As North Korea continues to successfully test-fire missiles, the request includes funds to introduce a land-based interceptor system called Aegis Ashore, said to be capable of catching up to missiles when they leave the atmosphere.
The ministry also wants money to improve the range of its existing interceptors.
It is also seeking funds to build new vessels to counter China's aggression in the East China Sea, near Japan's Okinawa islands.
Defense spending has increased for five straight years -- every year since Prime Minister Shinzo Abe took office. The request for fiscal 2018 is up 2.5% from the initial budget for the current fiscal year.
The proposed increase owes partly to higher spending for daily operations, including a 70.5 billion yen increase, to 688.4 billion yen, for equipment repairs and a 20.4 billion yen increase, to 93.9 billion yen, for fuel. The increases are to cover the heavier use of ships and aircraft.
Although planning costs for Aegis Ashore are part of the request, no specific amount is mentioned. The figure will be decided by year-end, after consultations with the U.S.
On Tuesday, a ballistic missile fired by North Korea flew over Hokkaido. Japan currently has two shields against North Korean rockets: Patriot Advanced Capability-3, or PAC-3, surface-to-air missiles and the ship-based Aegis system equipped with Standard Missile-3, or SM-3, interceptors. The government intends to upgrade these systems.

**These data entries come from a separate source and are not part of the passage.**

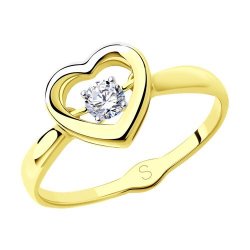 Кольцо из желтого золота с фианитом (Арт.018143-2)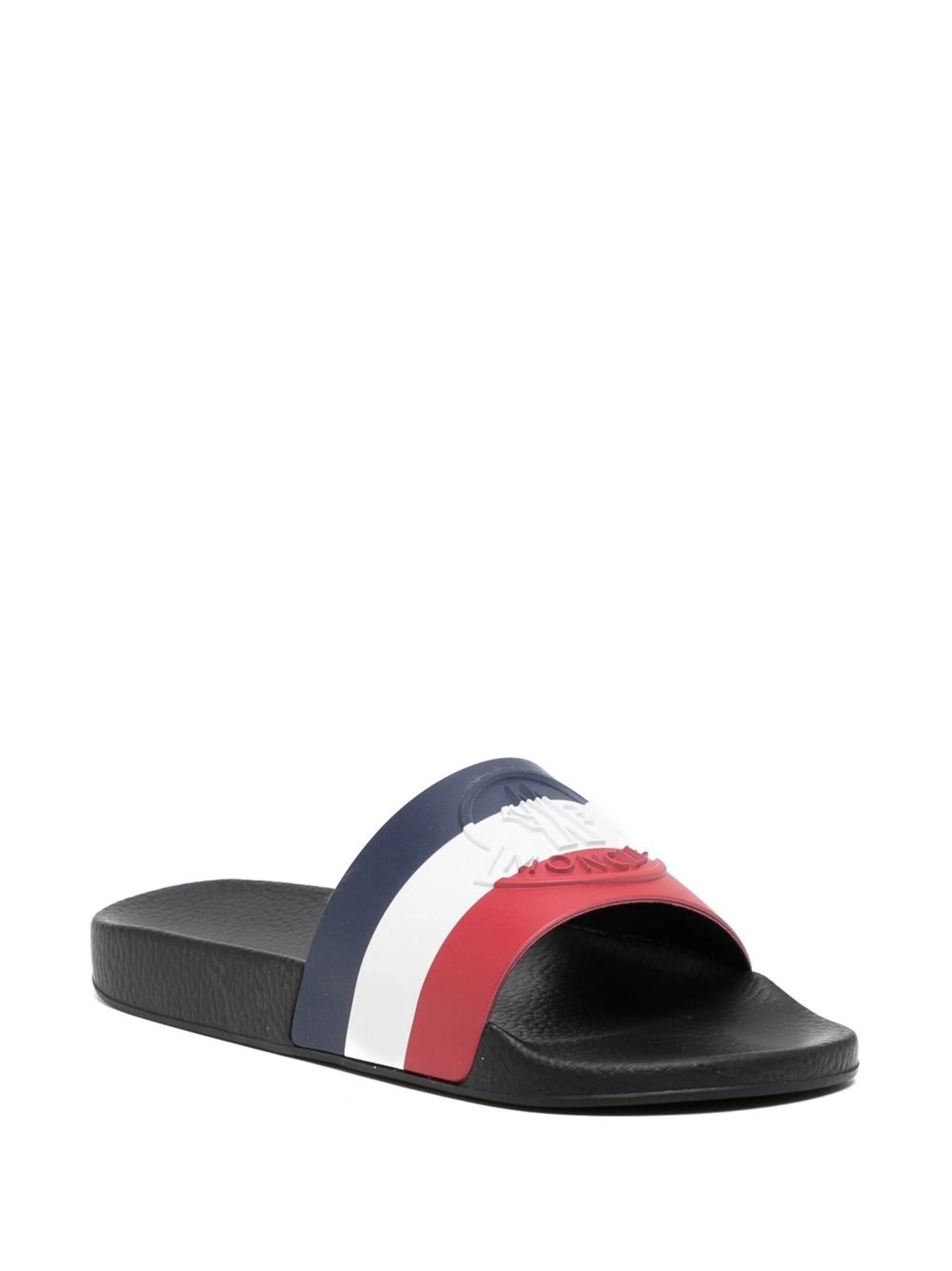 MONCLER STRIPED LOGO EMBOSSED SLIDES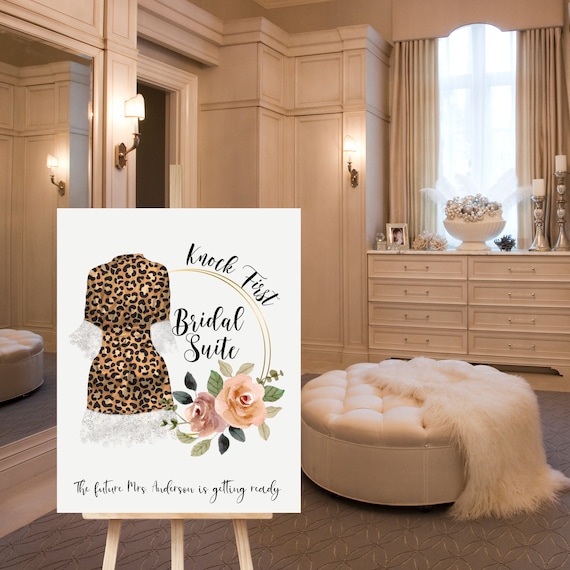 Bridal Suite Knock First Wedding Sign, The Bride is Getting Ready Banner, Brides Dressing Room Signs, Personalized Banners, #WBS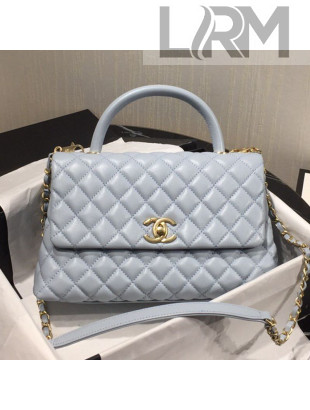 Chanel Grained Quilted Calfskin Coco Handle Flap Bag Light Blue 2019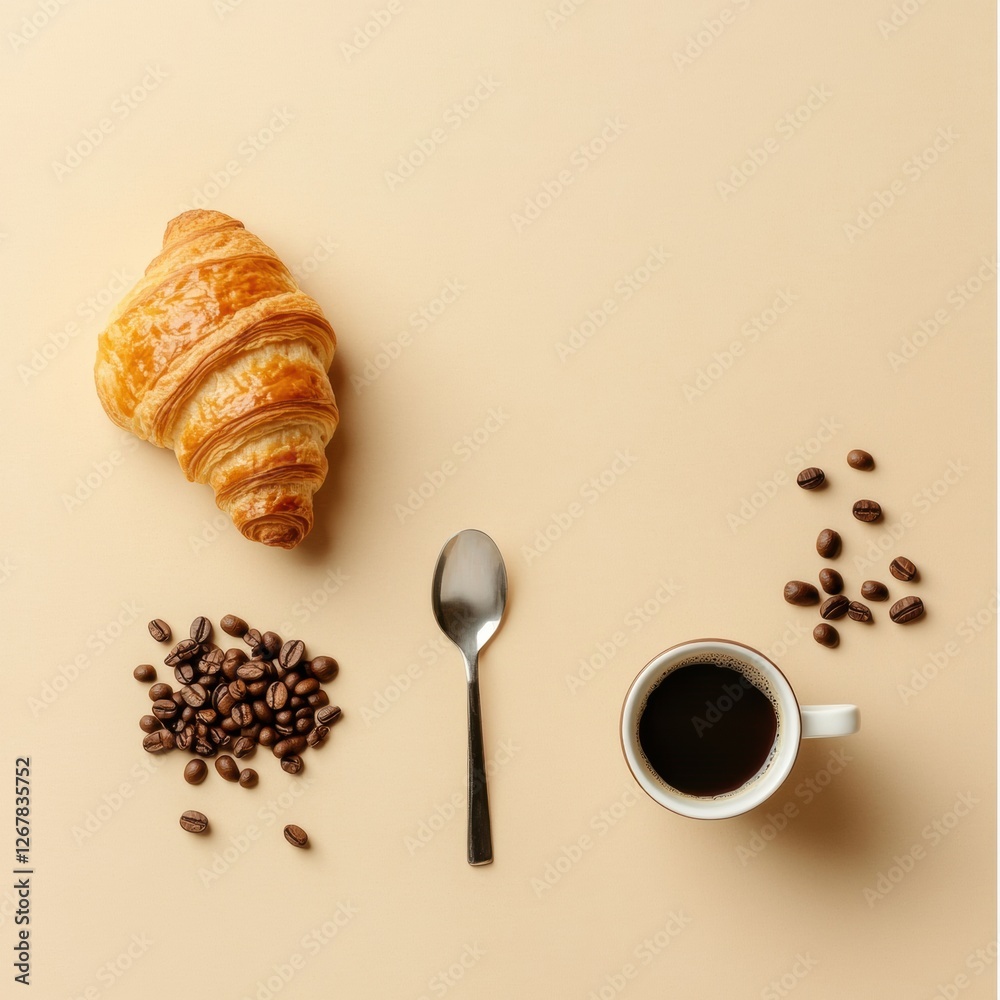 Poster enjoying a morning treat with a croissant, coffee, and coffee beans arranged in a flat lay setting o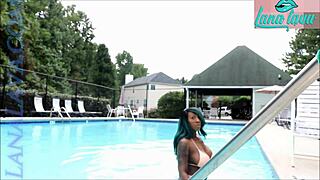 Lana Lava flashes big tits and pussy poolside publicly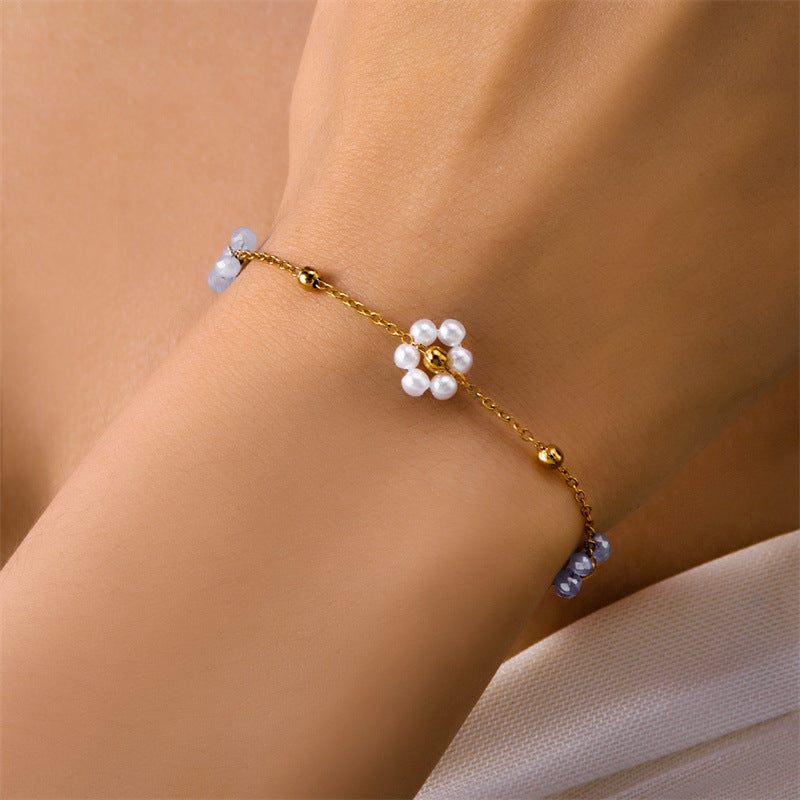 Women's Korean-style Fresh Flower Pearl Bracelet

The Air Self-Defense Force operates 34 PAC-3 systems, which are mainly deployed in urban areas. Gaps in coverage exist.
The ASDF moved three PAC-3 systems to the Chugoku and Shikoku regions in western Japan after North Korea threatened to fire ballistic missiles into waters around Guam, a western Pacific island and U.S. territory that hosts an important military base and B1-B bombers. But the missiles launched on Tuesday flew over Hokkaido.
Due to the difficulty of knowing where North Korea might point its missiles, shielding Japan with PAC-3s has its limits.
PAC-3 interceptors also have a limited radius, in the tens of kilometers. North Korea's latest projectile flew near two PAC-3 batteries, one on the Chitose base in Hokkaido and the other on the Shariki base in Aomori, near the northern tip of Japan's main Honshu Island. These two anti-missile systems might not have been useful if the North Korean rocket had a trajectory that would have landed it on Japanese soil -- and if the ship-based Aegis system failed to shoot it down.
The ministry is working to double the range of PAC-3s, but any success will not come before the end of fiscal 2019.
The projectile that North Korea launched on Tuesday is believed to have been a Hwasong-12 intermediate-range missile. The same type was fired on a "lofted" trajectory on May 14, apparently to shorten the flight distance and make it fall into the Sea of Japan. It is difficult to shoot down missiles that go up on a sharp angle and come back down on a similar path.
SM-3 interceptors aboard Aegis-equipped vessels have a vertical range of several hundred kilometers. The ministry has begun developing an upgraded version called SM-3 Block IIA to extend the range. Once completed, these big bullets are expected to be able to intercept missiles at an altitude of over 1,000km. They are slated to be deployed in fiscal 2021 -- not nearly soon enough.
It will also take several years to deploy Aegis Ashore systems. These ground-based antimissile batteries have much merit -- only two would be able to cover all of Japan.
As for East China Sea-focused budgetary items, the ministry wants money to build two escort ships and one submarine. In addition, it wants funds to develop new weapons such as high-speed gliding warheads and guided anti-ship munitions. These would be used to reclaim isolated islands should the need arise.
Also, Ground Self-Defense Force troops are to be deployed on Amami Oshima, north of Okinawa, and on Miyako-jima, east of Taiwan.